The newly agreed Trans-Pacific Partnership (TPP) trade deal will enhance the energy security, trade and cooperation between 12 Pacific Rim countries, an expert said Tuesday.
After months of negotiations, the countries -- the U.S., Australia, Brunei, Canada, Chile, Japan, Malaysia, Mexico, New Zealand, Peru, Singapore, and Vietnam -- reached a deal on Monday that could create one of the world's largest free trade zones as the partnership represents about 40 percent of global gross domestic product, while the countries need to ratify the deal before it goes into effect.
'TPP should enhance the energy security of the signatory countries,' Tom Cutler, President of Cutler International, LLC, an energy consulting firm, and former Director of the Office for European and Asia Pacific Affairs at the U.S. Department of Energy, told Anadolu Agency.
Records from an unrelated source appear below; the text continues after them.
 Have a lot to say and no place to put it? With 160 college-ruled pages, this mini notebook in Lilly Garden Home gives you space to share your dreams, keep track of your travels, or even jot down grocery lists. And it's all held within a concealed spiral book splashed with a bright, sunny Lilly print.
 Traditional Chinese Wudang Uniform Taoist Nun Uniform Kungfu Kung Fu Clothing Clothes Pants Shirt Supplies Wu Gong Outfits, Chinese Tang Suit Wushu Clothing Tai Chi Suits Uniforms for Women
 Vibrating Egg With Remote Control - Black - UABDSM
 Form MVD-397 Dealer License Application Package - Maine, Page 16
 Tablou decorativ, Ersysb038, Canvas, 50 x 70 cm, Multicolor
'TPP also includes energy equipment, trade in fossil fuels like oil, gas and coal, renewable energy, and environmental clean energy technologies,' he added.
In terms of natural gas, the deal provides opportunities for both importing and exporting countries. The U.S., Canada and Australia are planning to export increased supplies of liquefied natural gas (LNG) to the Asia-Pacific region in the coming years. Although Canada is lagging behind in its gas export projects due to slow regulations and low investment, the U.S. and Australia are aiming to enter the Asian gas market with new supplies in the near term and to have a strong market presence in the next decade.
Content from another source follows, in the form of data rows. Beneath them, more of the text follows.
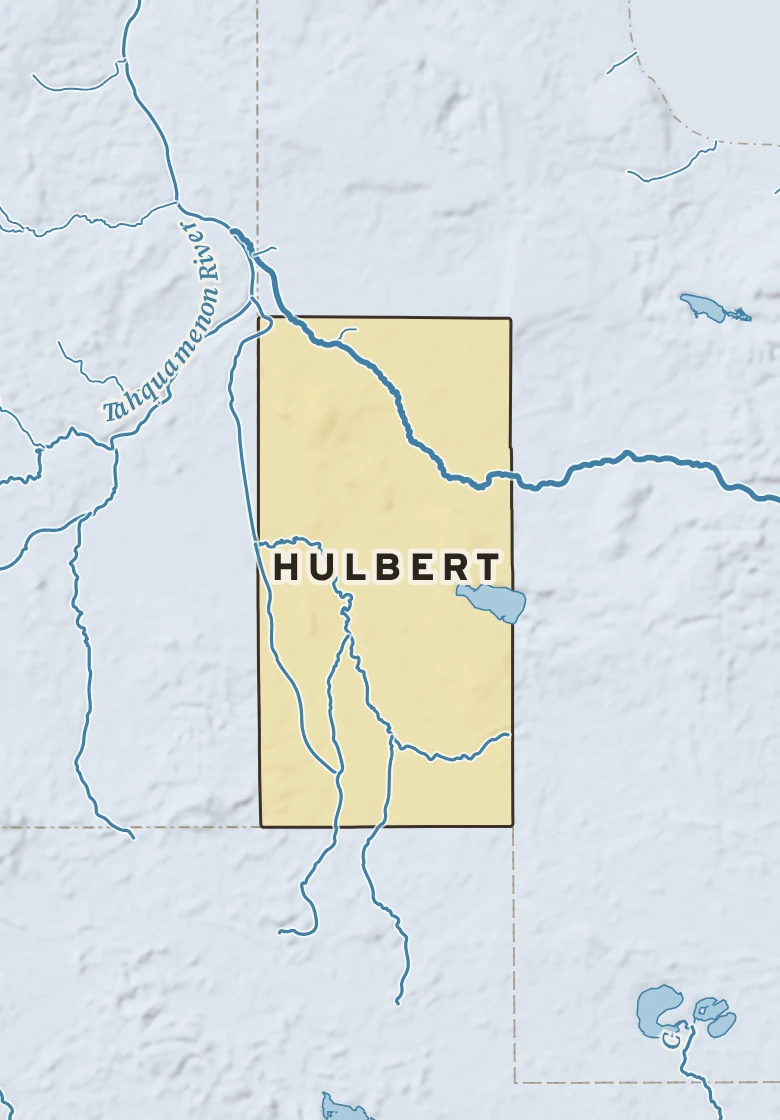 Atlas plate of Hulbert, Michigan.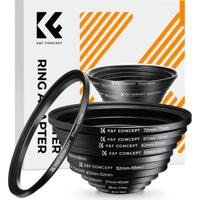 K&F Concept Step Up Ring set 11-delig (26-82mm) - thumbnail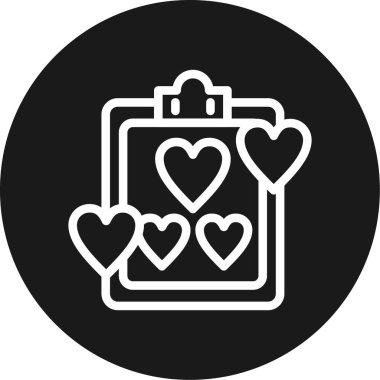 Aşk simgesinin vektör illüstrasyonu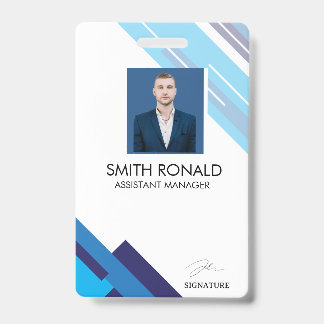 Crachá Employee Photo ID Card – Business ID Badge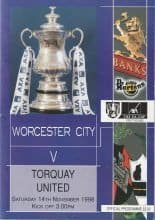 Worcester City v Torquay United  14-Nov-1998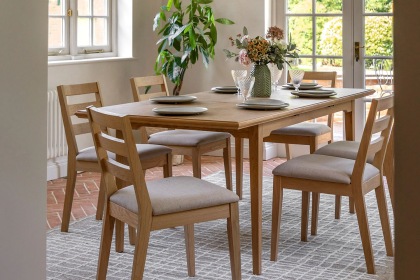 Gallery Direct Malvern Natural Oak Dining Chairs (Pair) Gallery Direct Malvern Natural Oak Dining Chairs (Pair)
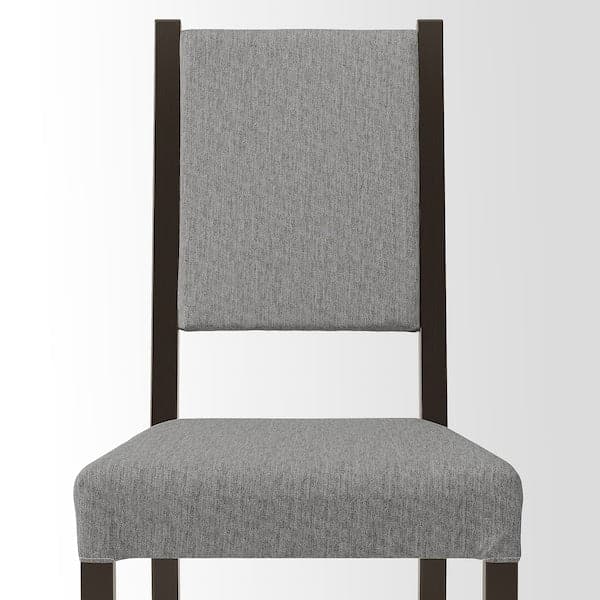 STEFAN Chair brownblack/Knisa grey/beige , - best price from Maltashopper.com 80512087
After its shale revolution, the U.S.' total dry natural gas production increased by 35 percent from 2005 to 2013, reaching 24.4 tcf (690 bcm), according to the U.S. Energy Information Administration's (EIA) 2015 Annual Energy Outlook. EIA projects this amount to rise by 45 percent until 2040, expecting dry natural gas production to reach 35.5 tcf (1,000 bcm) by then.
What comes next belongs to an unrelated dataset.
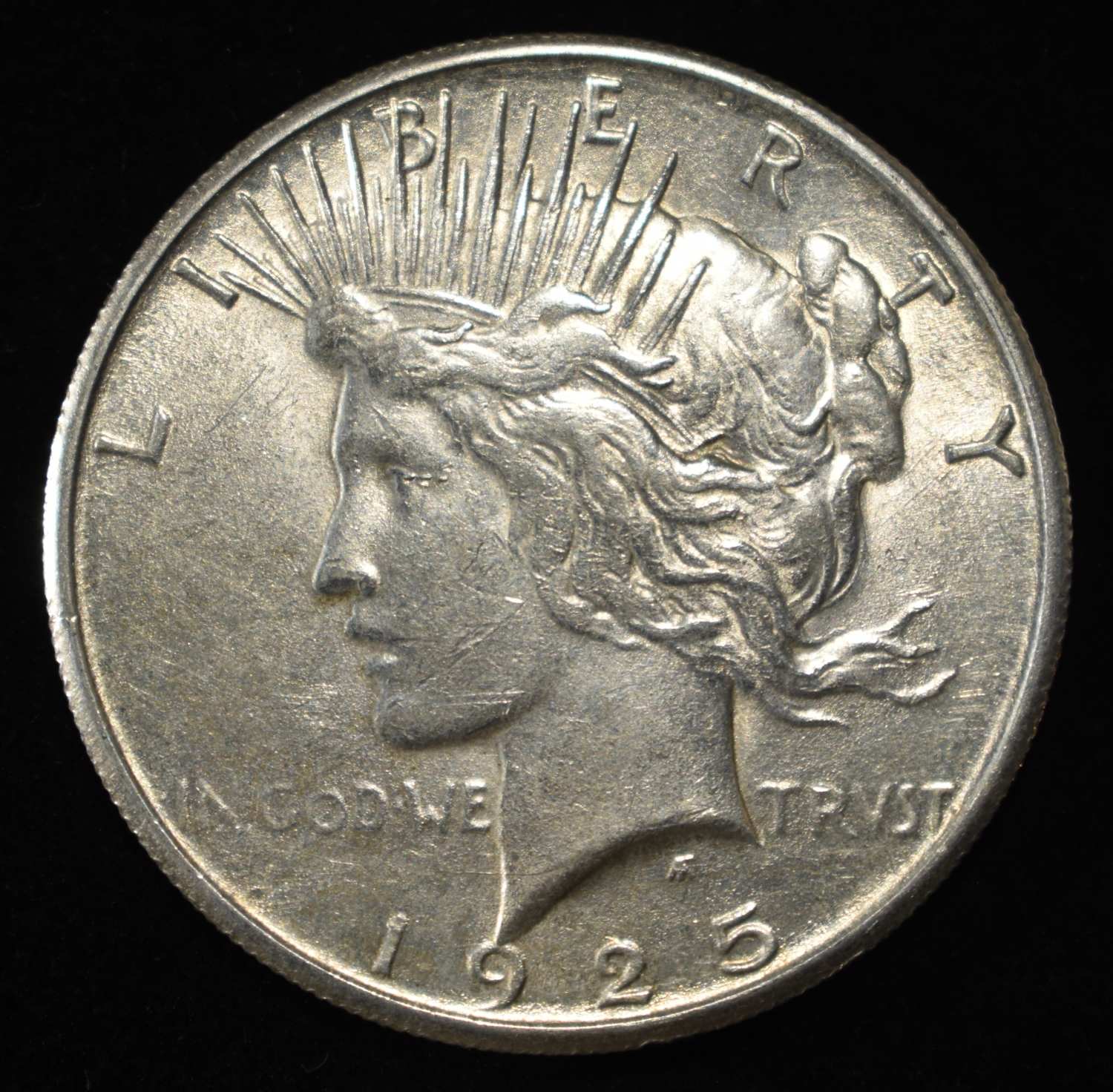 1925-S PEACE DOLLAR AU/BU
'Due to its low production costs, the U.S. gas has a little bit of a price advantage, compared to other gas suppliers in Asia-Pacific, even with transportation costs factored in. The TPP will make it easier for other countries in the region to import American gas because there will be less regulatory and approval hurdles, but the real question is by how much,' Cutler said.
Currently, there are eight LNG projects the U.S. Energy Department has approved to export domestically produced gas to countries the U.S. does not have a free trade agreement with. The earliest of them, Cheniere Energy's Sabine Pass project in the state of Louisiana, will begin LNG exports at the end of 2015 or beginning of 2016. The project will have the capacity to export 2.76 billion cubic feet (83 million cubic meters) per day.
However, an issue for exporters is the oversupply of gas in the Asia-Pacific market, and the falling gas prices because of that.
The glut of gas supply is a great advantage for buyers, such as Japan, which is the biggest LNG importer in the world. However, Tokyo's previous gas purchase commitments make the future blurry for additional gas demand from the U.S.
'In the case of Japan, they already have all the gas that they need to contract for with the U.S. The Japanese were able to contract all the gas supplies they needed at the time,' Cutler said.
Due to the gas glut and high competition in Asian market, the expert stressed 'TPP may not have the same impact it otherwise would have,' but said the deal provides energy trade cohesion for its signatories, and its net effect will enhance the countries' energy security.
'By entering into this agreement through very difficult negotiations and compromises, the deal brings those group of countries together in a strategic way with a sense of economic cohesion and political accomplishment. They are in this trade basket together. It may not materialize into anything concrete beyond that, but it enhances energy security, and promotes trade in energy goods, services and technologies. So, the net effect is positive,' Cutler explained.
Meanwhile, Malaysia can become one of the countries that would not ratify the deal. Malaysia's secretary-general of the Ministry for International Trade and Industry (MITI) told Anadolu Agency that the multilateral trade pact would take some time to be activated -- -- that's if the country chooses to opt in at all.
'It will take another two years before it comes into force, subject to Malaysia deciding to sign,' Tan Sri Rebecca Fatima Sta Maria said.